Population (2012 Census)
- • Total: 42,572
- • Density: 16.46/km^{2} (42.64/sq mi)
- • Urban: 26,852
- • Rural: 1,776

Sex
- • Men: 14,297
- • Women: 14,331
- Time zone: UTC-4 (CLT)
- • Summer (DST): UTC-3 (CLST)
- Postal code: 85002480
- Area code: (+56) 72
- Website: Municipality of Machalí

= Machalí =

Machalí is a Chilean commune and city in Cachapoal Province, O'Higgins Region.

==Demographics==
According to the 2002 census of the National Statistics Institute, Machalí spans an area of 2586 sqkm and has 28,628 inhabitants (14,297 men and 14,331 women). Of these, 26,852 (93.8%) lived in urban areas and 1,776 (6.2%) in rural areas. The population grew by 18.5% (4,476 persons) between the 1992 and 2002 censuses.

==Administration==
As a commune, Machalí is a third-level administrative division of Chile administered by a municipal council, headed by an alcalde who is directly elected every four years. The 2008-2012 alcalde is José Miguel Urrutia.

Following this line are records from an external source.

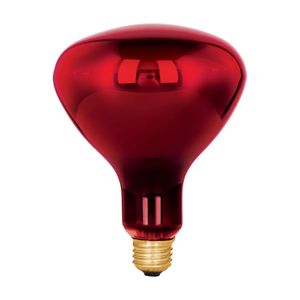 Lámpara BR-40 250 W tipo reflector infrarrojo terapéutico - VOLTECK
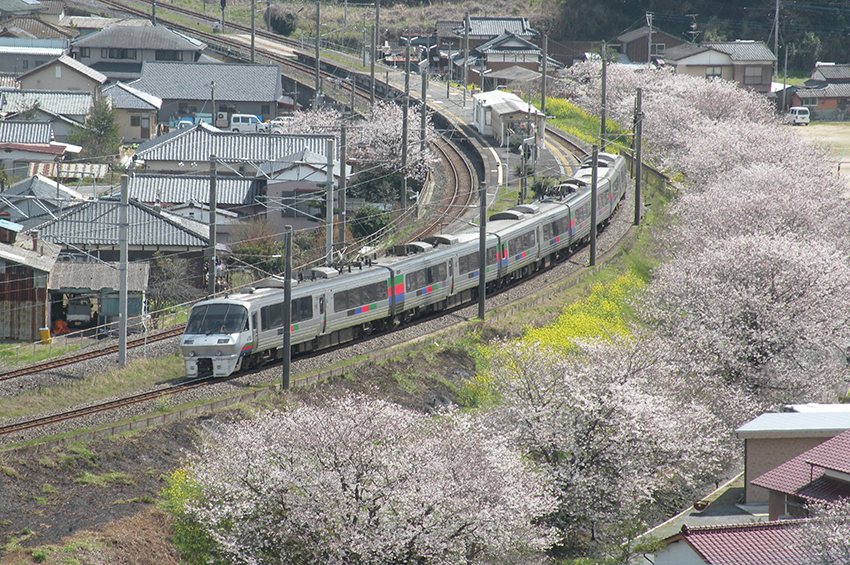 肥前飯田駅の桜と菜の花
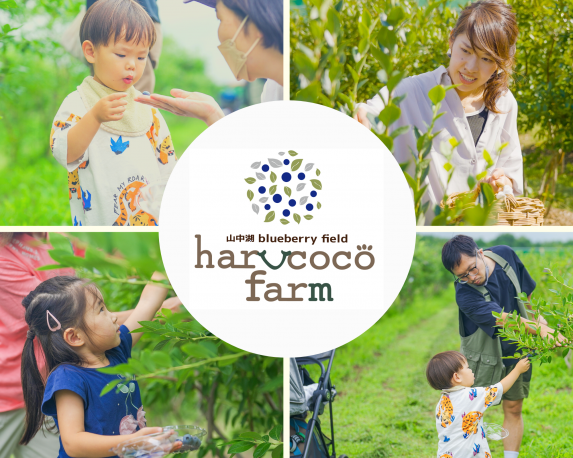 山中湖blueberry field harucoco farm-5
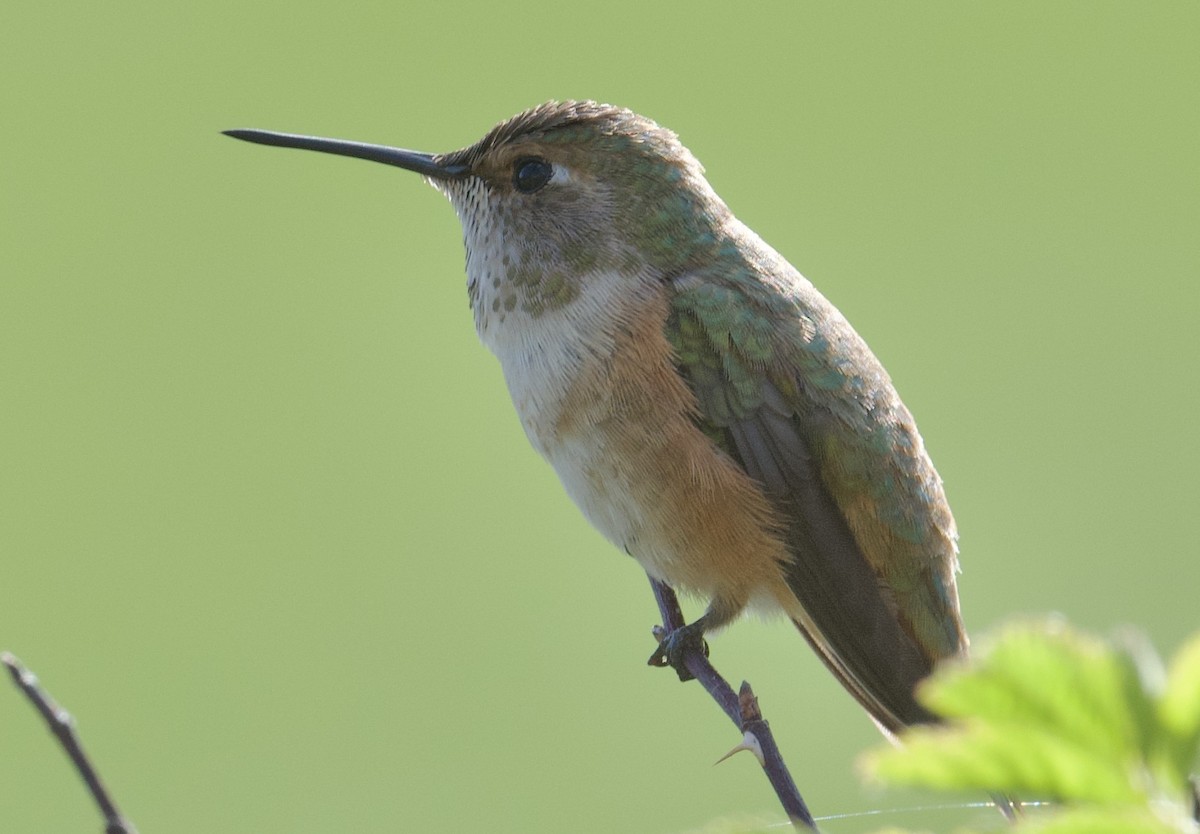 Rufous Hummingbird - ML618944961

Within the electoral divisions of Chile, Machalí is represented in the Chamber of Deputies by Eugenio Bauer (UDI) and Ricardo Rincón (PDC) as part of the 33rd electoral district, together with Mostazal, Graneros, Codegua, Requínoa, Rengo, Olivar, Doñihue, Coinco, Coltauco, Quinta de Tilcoco and Malloa. The commune is represented in the Senate by Andrés Chadwick Piñera (UDI) and Juan Pablo Letelier Morel (PS) as part of the 9th senatorial constituency (O'Higgins Region).